Lynne Hulme from the Surf Coast Shire, Surf Coast Shire Council based at Torquay (and member of the Bells Beach SoS project) contacted SoS Trust to hold a 2nd Spirit of Surfing Gathering at Torquay, in April 2003, just before and as part of the iconic Bells annual surfing contest. Facilitated by Peter Cuming and Elizabeth Bragg, it was attended by over 70 people including surf elders, surfing industry representatives, surfboard designers, shapers, academics and government agencies, surf psychologists and educators, Surf Coast Shire representatives and regional surfers. Workshop proceedings were prepared from the forum which focused on the need to develop a more sustainable surfing industry, including codes of practice and sourcing of materials; educating travelling surfers about impacts on local cultures; encouraging surfers to play a greater role in protecting and regenerating coastal areas, dealing with anger/anger management in the water, and modern surfers developing more sustainable lifestyles.

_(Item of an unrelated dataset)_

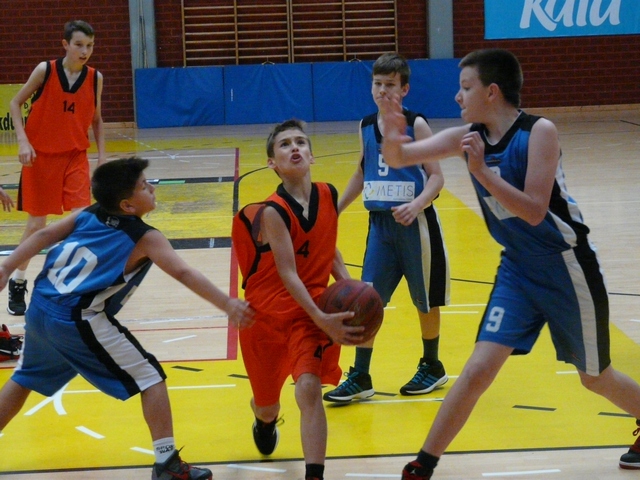 ‘ŠIBENIKU NA DAR’: Stižu mladi košarkaši iz Ljubljane, Zadra,  Sinja i Velike Gorice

Nat Young has continued to fund the development and erection of Surfers Code signage at a range of locations in Australia, Europe, and the USA (e.g. Rincon). This includes Byron Bay, where Cuming introduced the concept and a representative of the Bells Beach SoS working group to Ben King, president of the Byron Bay Boardriders Club, around 2005. Ben then worked with Nat Young, Byron Shire Council and Cape Byron Trust, to help establish Surfers Code signage at Clark's Beach near well known break The Pass, and at Broken Head.

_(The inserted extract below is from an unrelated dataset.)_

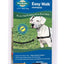 PetSafe Easy Walk Dog Harness Black/Silver MD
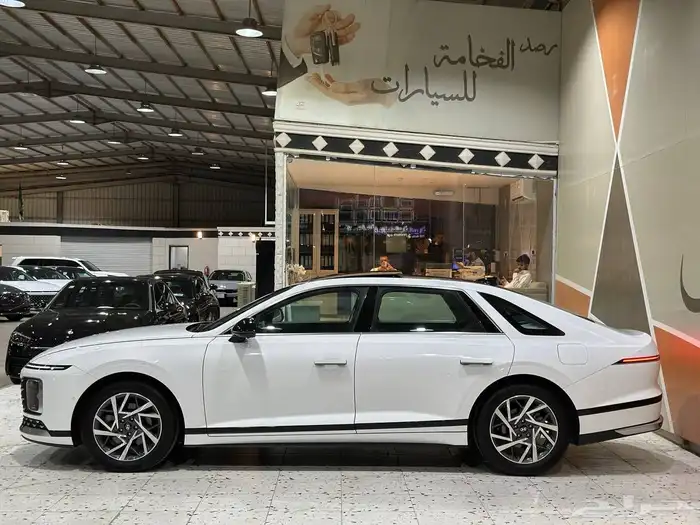 ازيرا 2023 نص فل . رصد الفخامة 7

The Surfers Code, and articles on its development and importance given increasing numbers of surfers in the water and ongoing commercialisation, have been printed to promote awareness in a wide range of surfing magazines, in Australia and internationally. This includes Tracks, Surfing World, Surfers Path, Surf Session (France), and Wave Surfgirl. A range of books and other publications such as Nat Young's 'Surf Rage' Nat Young, and 'Surf's Up - The Girl's Guide to Surfing' by Louise Southerden include the Spirit of Surfing and Surfer's Code principles.

The SoS has not accepted sponsorship at this stage on the basis that it may dilute or affect the capacity to promote the messages, however encourages industry and business participation in applying the principles. SoS has supported action by and participated in organisations such as the National Surfing Reserves Committee, which has established surfing reserves in key and iconic surfing locations, such as Angourie and Lennox Head, New South Wales.

Cuming was a forum panel speaker at the Byron Bay Surf Festival in 2014, on the impact of surfing culture in the developing world including indigenous communities. The forum was facilitated by surfer Lauren Hill, representing the SoS principles related to the influences surfing has, both positive and negative, on existing cultures, and the potential for surfing to support and strengthen the connection people have to their land, local communities, and cultures.

SoS is developing a website that provides information on its range of projects, including the Surfers Code. The site will feature surfboard designers, shapers, professional, recreational, and free surfers, as well as artists, musicians, and activists, expressing what the ‘spirit of surfing’ means to them.